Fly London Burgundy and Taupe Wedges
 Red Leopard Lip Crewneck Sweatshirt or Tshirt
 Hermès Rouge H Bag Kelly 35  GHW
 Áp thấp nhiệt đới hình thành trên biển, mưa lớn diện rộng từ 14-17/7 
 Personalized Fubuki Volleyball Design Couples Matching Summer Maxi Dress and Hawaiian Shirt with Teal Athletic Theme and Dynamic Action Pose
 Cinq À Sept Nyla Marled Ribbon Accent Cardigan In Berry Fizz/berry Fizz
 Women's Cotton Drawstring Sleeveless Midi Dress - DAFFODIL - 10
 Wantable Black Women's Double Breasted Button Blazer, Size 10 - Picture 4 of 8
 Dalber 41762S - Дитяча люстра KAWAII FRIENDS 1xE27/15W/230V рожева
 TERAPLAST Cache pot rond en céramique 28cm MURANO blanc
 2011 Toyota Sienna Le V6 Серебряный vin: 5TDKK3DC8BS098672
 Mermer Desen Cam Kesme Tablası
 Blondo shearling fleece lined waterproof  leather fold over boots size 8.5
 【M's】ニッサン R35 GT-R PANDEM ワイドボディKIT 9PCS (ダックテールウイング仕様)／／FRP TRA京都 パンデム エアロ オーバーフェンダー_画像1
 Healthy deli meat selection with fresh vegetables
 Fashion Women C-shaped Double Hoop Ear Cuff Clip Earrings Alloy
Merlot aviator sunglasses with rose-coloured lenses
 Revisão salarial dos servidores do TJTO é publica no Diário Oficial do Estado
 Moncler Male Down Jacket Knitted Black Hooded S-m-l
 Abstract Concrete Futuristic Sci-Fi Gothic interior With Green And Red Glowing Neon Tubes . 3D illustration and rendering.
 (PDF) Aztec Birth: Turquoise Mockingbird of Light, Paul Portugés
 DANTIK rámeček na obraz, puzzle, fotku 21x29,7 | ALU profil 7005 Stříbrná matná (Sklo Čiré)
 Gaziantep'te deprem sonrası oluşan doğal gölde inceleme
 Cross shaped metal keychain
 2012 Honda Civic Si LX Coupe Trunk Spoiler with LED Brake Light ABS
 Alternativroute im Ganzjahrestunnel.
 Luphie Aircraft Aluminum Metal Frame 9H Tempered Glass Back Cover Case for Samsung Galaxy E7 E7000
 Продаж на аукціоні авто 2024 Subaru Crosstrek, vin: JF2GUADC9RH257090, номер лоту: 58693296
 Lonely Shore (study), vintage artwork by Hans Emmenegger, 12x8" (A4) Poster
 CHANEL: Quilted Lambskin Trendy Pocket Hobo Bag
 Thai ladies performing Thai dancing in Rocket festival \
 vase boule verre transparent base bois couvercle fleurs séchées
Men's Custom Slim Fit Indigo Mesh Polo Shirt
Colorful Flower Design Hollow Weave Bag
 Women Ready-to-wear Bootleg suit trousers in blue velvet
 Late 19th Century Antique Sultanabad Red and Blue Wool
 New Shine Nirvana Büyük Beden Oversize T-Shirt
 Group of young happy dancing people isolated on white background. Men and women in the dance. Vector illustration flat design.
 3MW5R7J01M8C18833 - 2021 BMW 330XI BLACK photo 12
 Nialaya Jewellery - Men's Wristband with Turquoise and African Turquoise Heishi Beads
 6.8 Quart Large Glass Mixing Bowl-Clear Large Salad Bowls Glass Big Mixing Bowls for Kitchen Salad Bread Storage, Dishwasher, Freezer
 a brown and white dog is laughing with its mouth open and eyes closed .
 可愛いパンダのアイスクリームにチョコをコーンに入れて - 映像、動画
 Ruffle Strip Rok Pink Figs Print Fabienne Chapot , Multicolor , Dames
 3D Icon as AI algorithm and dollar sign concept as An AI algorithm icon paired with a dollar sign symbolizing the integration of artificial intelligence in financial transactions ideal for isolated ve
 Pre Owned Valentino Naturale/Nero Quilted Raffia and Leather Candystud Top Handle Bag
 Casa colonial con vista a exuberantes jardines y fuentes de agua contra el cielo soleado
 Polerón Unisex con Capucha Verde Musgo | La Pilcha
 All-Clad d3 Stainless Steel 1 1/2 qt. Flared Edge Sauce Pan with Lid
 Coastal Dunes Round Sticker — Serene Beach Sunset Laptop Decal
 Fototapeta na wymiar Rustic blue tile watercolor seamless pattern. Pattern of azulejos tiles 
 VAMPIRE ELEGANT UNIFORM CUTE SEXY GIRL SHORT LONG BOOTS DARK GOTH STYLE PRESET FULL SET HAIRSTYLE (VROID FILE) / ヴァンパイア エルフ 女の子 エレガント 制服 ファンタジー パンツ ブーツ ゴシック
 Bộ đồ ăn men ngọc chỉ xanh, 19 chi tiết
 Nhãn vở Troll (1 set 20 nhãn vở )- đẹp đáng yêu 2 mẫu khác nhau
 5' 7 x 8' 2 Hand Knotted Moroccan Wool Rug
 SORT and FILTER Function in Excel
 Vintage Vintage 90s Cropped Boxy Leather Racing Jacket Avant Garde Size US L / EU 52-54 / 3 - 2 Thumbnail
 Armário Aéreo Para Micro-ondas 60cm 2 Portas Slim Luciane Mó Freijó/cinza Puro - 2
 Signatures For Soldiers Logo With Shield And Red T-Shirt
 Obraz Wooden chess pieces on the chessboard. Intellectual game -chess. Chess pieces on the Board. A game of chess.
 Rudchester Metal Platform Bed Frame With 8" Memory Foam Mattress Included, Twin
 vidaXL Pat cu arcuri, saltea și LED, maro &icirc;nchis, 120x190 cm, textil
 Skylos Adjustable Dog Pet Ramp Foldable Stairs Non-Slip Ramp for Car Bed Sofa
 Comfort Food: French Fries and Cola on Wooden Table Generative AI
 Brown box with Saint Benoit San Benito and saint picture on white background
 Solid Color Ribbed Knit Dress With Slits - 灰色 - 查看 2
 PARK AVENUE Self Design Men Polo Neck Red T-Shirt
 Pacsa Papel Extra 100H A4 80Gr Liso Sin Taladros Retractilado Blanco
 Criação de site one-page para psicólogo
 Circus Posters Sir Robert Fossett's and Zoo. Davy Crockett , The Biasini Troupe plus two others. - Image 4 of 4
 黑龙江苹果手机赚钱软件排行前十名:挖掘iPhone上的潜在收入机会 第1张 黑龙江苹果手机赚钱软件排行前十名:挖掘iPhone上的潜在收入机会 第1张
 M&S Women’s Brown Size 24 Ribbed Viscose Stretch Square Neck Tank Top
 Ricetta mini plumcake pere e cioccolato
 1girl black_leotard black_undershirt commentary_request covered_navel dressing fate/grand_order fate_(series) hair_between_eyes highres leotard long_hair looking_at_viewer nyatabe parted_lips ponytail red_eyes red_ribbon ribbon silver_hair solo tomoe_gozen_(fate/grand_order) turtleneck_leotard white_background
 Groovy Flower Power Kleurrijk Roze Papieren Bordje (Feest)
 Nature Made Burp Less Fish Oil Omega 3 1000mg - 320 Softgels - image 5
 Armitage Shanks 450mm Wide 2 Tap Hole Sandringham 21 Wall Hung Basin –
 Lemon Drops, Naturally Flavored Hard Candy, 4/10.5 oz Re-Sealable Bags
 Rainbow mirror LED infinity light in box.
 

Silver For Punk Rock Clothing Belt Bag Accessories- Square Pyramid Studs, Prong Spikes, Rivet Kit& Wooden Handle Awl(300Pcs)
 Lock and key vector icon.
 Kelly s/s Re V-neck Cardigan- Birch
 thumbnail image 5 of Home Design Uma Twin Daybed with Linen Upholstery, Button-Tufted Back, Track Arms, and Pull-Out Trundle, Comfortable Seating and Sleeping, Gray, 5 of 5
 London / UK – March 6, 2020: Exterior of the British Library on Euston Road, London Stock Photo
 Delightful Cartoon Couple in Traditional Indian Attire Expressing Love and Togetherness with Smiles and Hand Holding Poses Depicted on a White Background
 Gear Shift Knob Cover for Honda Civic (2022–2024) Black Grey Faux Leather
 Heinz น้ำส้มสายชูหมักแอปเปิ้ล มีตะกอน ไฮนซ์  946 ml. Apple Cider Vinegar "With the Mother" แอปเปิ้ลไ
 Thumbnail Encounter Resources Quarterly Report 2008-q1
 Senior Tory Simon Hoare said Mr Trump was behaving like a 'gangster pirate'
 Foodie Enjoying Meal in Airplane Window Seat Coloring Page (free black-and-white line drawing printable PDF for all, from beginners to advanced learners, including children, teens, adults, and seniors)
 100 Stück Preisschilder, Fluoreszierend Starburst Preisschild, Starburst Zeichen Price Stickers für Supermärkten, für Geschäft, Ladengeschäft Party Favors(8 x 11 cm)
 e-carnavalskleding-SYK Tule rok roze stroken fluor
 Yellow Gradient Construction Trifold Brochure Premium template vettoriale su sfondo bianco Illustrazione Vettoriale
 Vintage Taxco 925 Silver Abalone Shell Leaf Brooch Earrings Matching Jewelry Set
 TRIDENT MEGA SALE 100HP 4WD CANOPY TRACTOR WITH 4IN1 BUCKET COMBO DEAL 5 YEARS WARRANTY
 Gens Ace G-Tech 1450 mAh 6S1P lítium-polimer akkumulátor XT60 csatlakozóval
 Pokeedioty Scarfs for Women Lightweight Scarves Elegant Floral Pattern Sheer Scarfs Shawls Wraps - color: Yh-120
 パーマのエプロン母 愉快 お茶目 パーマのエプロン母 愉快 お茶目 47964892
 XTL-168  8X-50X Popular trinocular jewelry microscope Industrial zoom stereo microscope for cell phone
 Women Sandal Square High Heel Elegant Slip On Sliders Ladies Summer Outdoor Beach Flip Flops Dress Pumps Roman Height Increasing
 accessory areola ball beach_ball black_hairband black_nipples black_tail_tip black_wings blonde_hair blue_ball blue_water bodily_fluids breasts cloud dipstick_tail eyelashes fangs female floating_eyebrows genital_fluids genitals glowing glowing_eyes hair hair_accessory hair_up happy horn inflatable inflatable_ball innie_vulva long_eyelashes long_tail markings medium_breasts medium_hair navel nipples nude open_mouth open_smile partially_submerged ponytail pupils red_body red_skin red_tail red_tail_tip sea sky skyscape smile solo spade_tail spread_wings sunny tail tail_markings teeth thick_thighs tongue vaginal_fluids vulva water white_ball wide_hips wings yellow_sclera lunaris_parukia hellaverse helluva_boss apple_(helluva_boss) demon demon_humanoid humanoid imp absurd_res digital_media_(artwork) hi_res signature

+ + +

## YOUR ASSIGNMENT
Above are some lines. Repeat exactly, and only, those from the line that has "Comfort Food: French" through the line that has "Ricetta mini plumcake pere e cioccolato".

## TASK RESPONSE
 Comfort Food: French Fries and Cola on Wooden Table Generative AI
 Brown box with Saint Benoit San Benito and saint picture on white background
 Solid Color Ribbed Knit Dress With Slits - 灰色 - 查看 2
 PARK AVENUE Self Design Men Polo Neck Red T-Shirt
 Pacsa Papel Extra 100H A4 80Gr Liso Sin Taladros Retractilado Blanco
 Criação de site one-page para psicólogo
 Circus Posters Sir Robert Fossett's and Zoo. Davy Crockett , The Biasini Troupe plus two others. - Image 4 of 4
 黑龙江苹果手机赚钱软件排行前十名:挖掘iPhone上的潜在收入机会 第1张 黑龙江苹果手机赚钱软件排行前十名:挖掘iPhone上的潜在收入机会 第1张
 M&S Women’s Brown Size 24 Ribbed Viscose Stretch Square Neck Tank Top
 Ricetta mini plumcake pere e cioccolato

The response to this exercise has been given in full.